▸ Task objective:
Output the lines from the one holding "Coach Chelsea Black" to the end of the entries that follow, exactly and only those, minus any pictures.

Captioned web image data
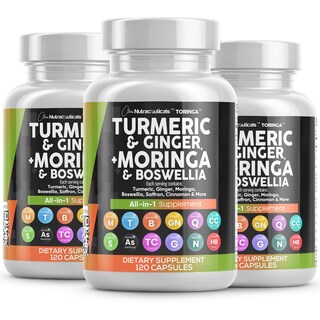 Foto 1 | Foto 1 | Supplement Clean Nutraceuticals, Cúrcuma, Moringa Y Jengibre, Paquete De 3 - Venta Internacional.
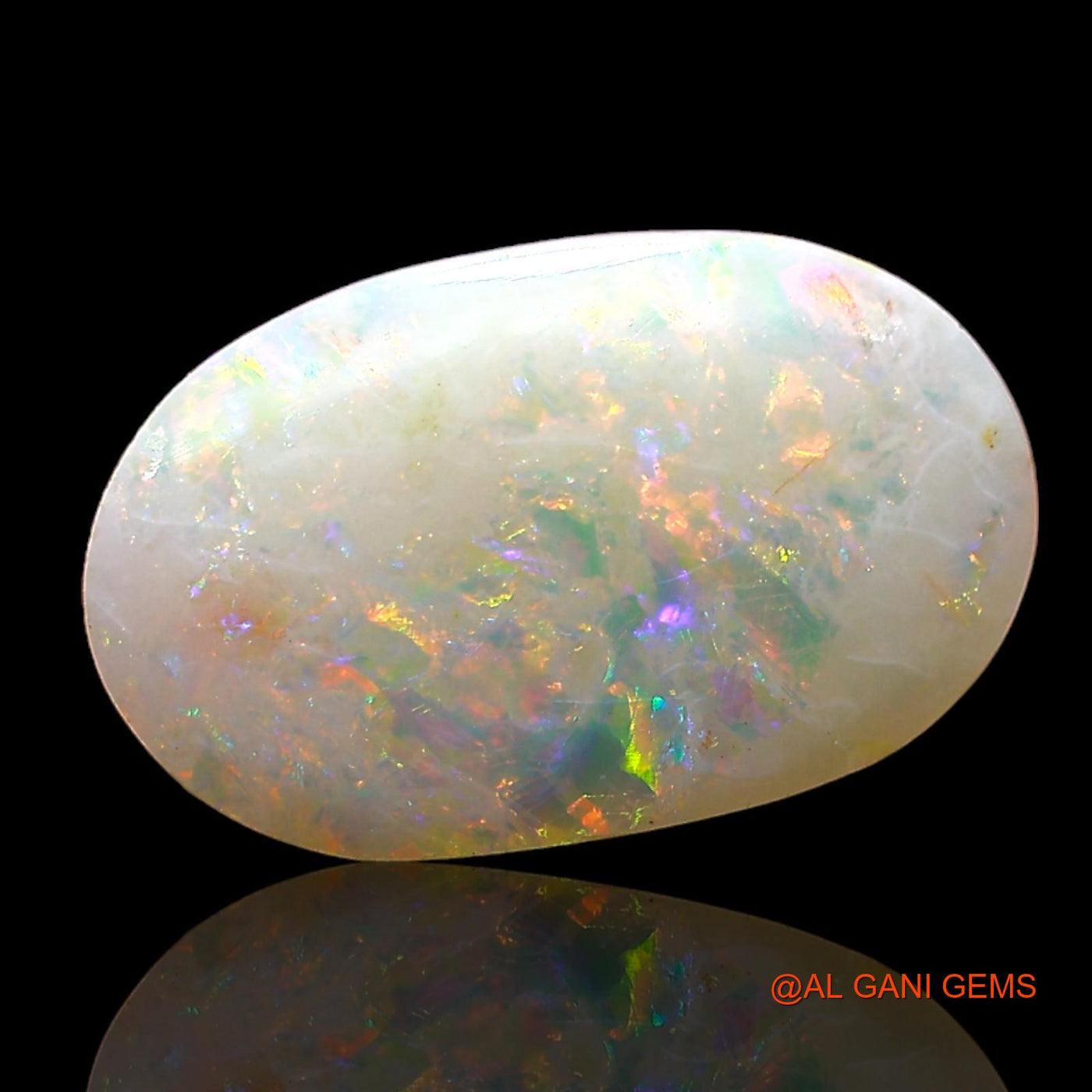 Natural Untreated Fire Opal Loose Gemstone Oval Cabochon From Australia 2.00 Cts 14x8x2 mm AE-321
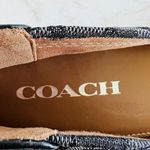 Coach Chelsea Black Gray Signature Canvas Logo Print Ballerina Flats - US 10 Photo 3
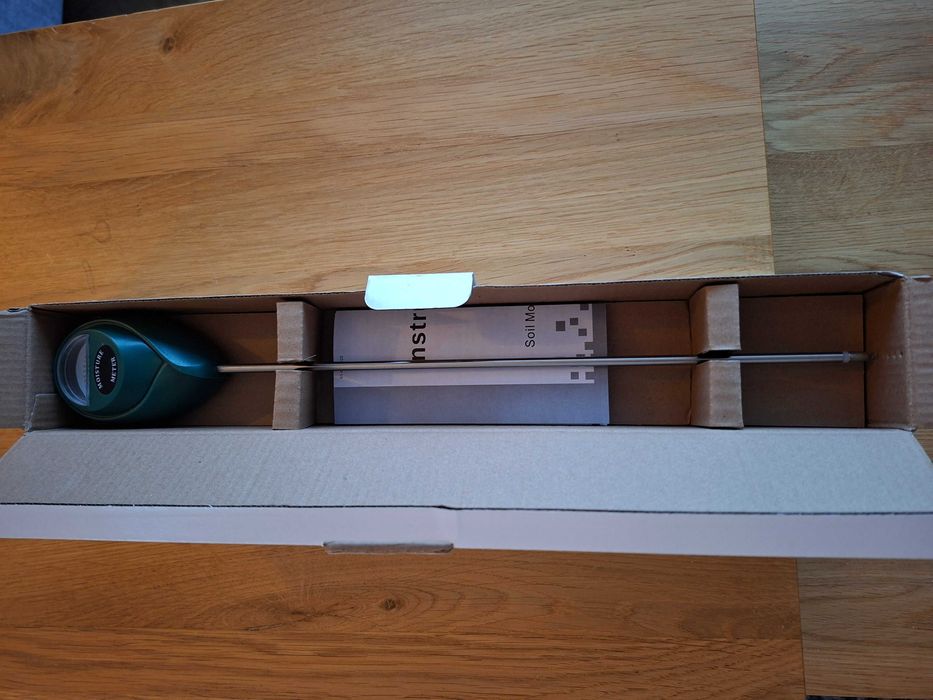 Miernik wilgotności gleby Xlux – długa sonda 40 cm, bez baterii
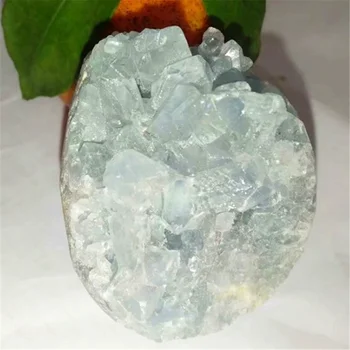 1pc na Naravno Modrem Celestite Crystal Grozdov Druzy modro Nebo Geode Mineralnih Dekor Mini Srčkan Darilo Za Dekoracijo Doma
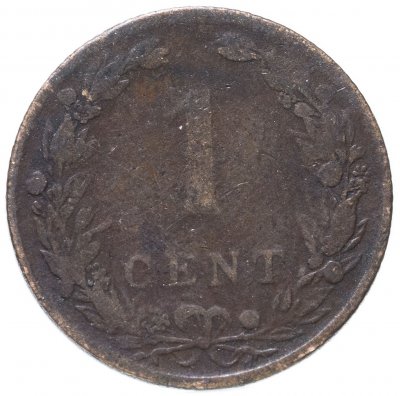 купить Нидерланды 1 цент (cent) 1902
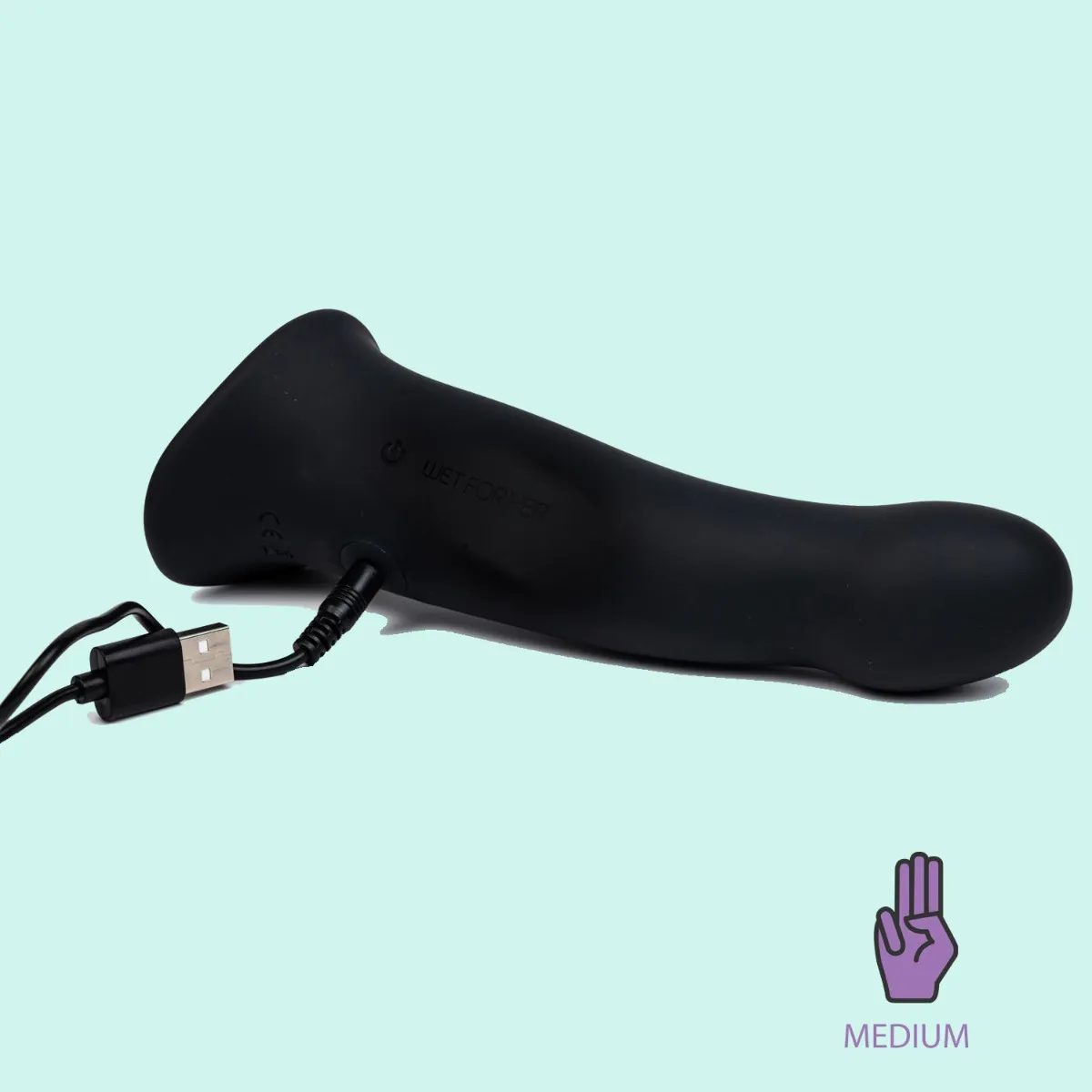Image of COMZE VIBRATING DILDO -  10 SPEEDS - VIBRATING PLEASURE BASE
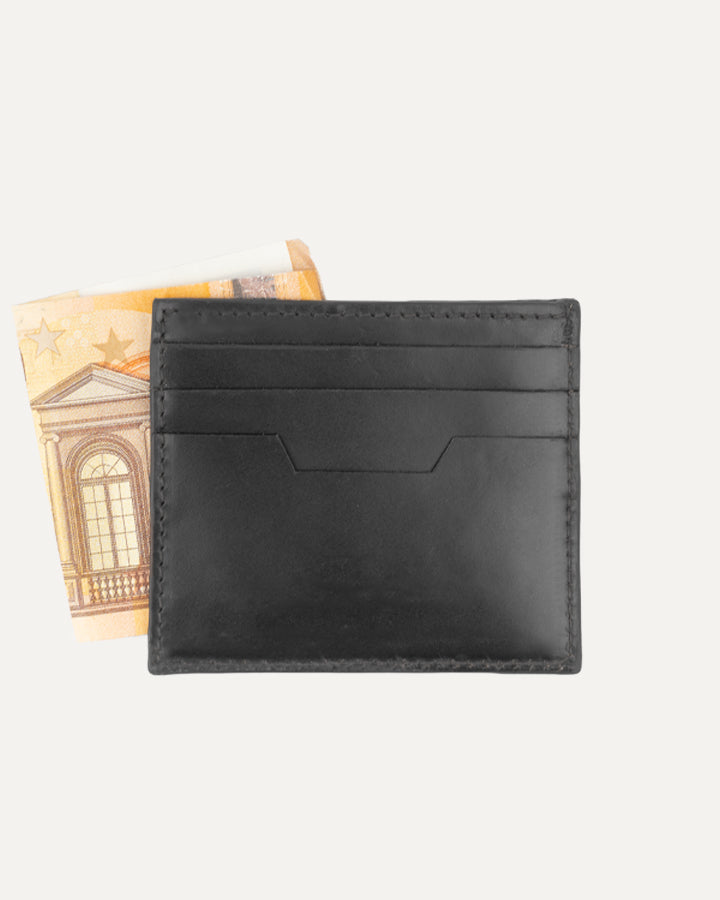 Leather Card Holder Sterling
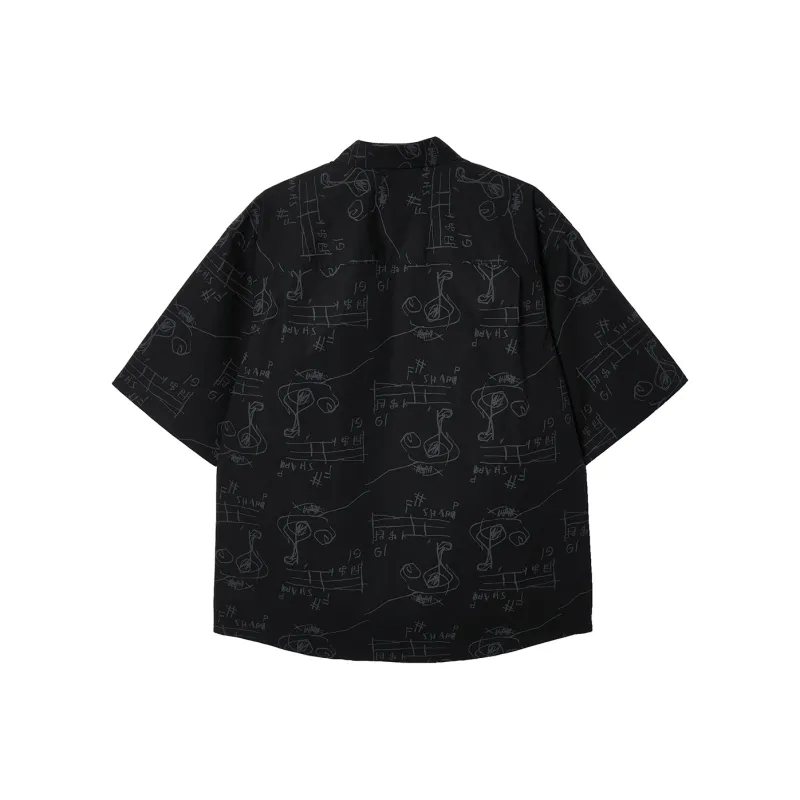 JACK JONES· x Jean Michel Basquiat Spring Summer Shirt Men's-7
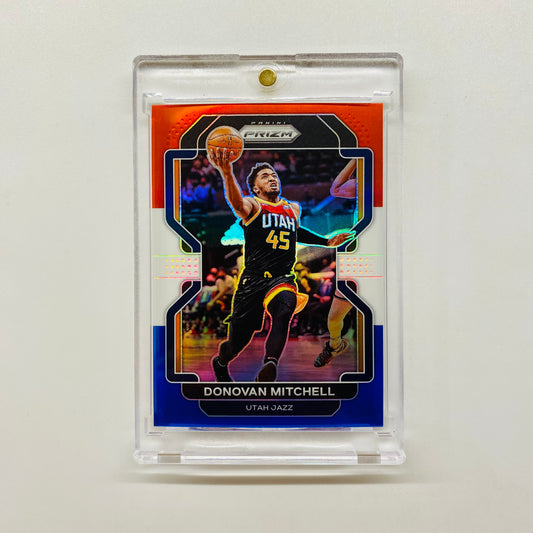 2021-22 Prizm Donovan Mitchell Red White Blue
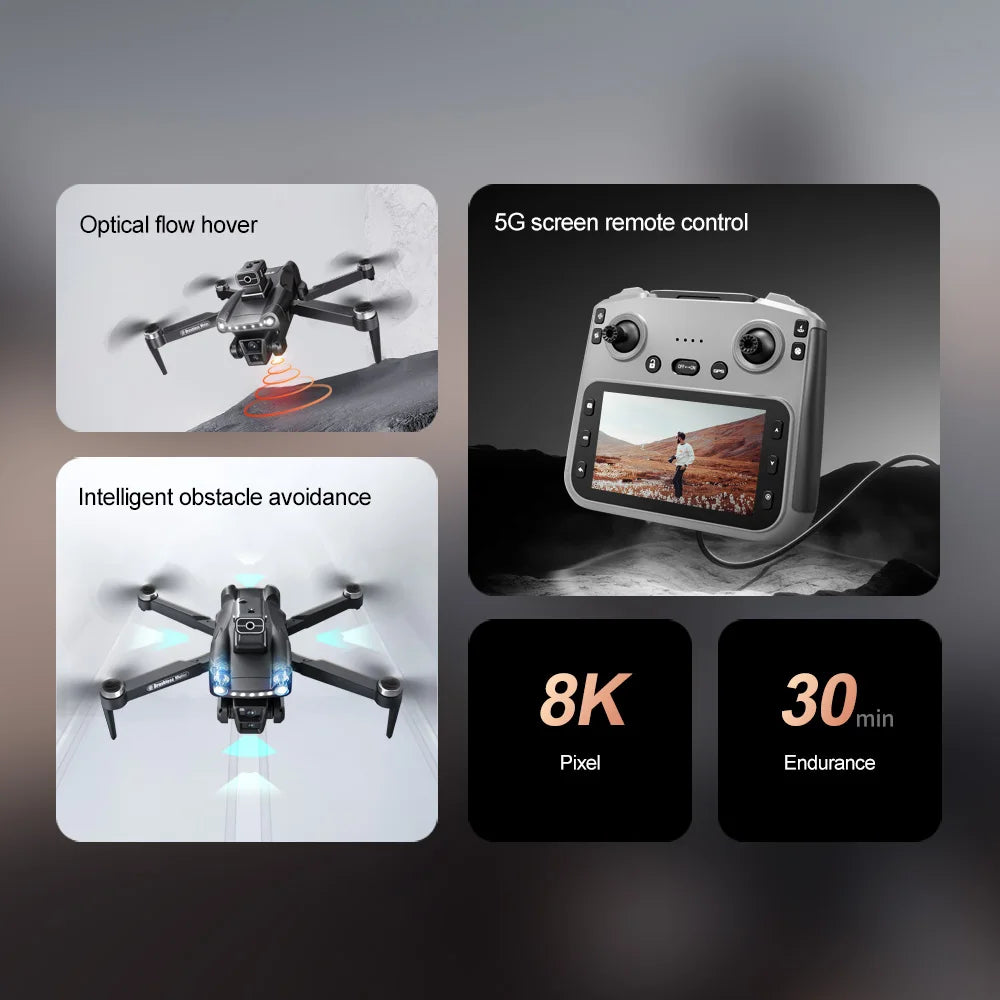 Lenovo V198MAX Drone Laser obstacle avoidance aerial photography 8K 5G Professional HD Camera Brushless Folding Quadcopter from China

▸ Solution:
 Coach Chelsea Black Gray Signature Canvas Logo Print Ballerina Flats - US 10 Photo 3
 Miernik wilgotności gleby Xlux – długa sonda 40 cm, bez baterii
 1pc na Naravno Modrem Celestite Crystal Grozdov Druzy modro Nebo Geode Mineralnih Dekor Mini Srčkan Darilo Za Dekoracijo Doma
 купить Нидерланды 1 цент (cent) 1902
Image of COMZE VIBRATING DILDO -  10 SPEEDS - VIBRATING PLEASURE BASE
 Leather Card Holder Sterling
 JACK JONES· x Jean Michel Basquiat Spring Summer Shirt Men's-7
 2021-22 Prizm Donovan Mitchell Red White Blue
 Lenovo V198MAX Drone Laser obstacle avoidance aerial photography 8K 5G Professional HD Camera Brushless Folding Quadcopter from China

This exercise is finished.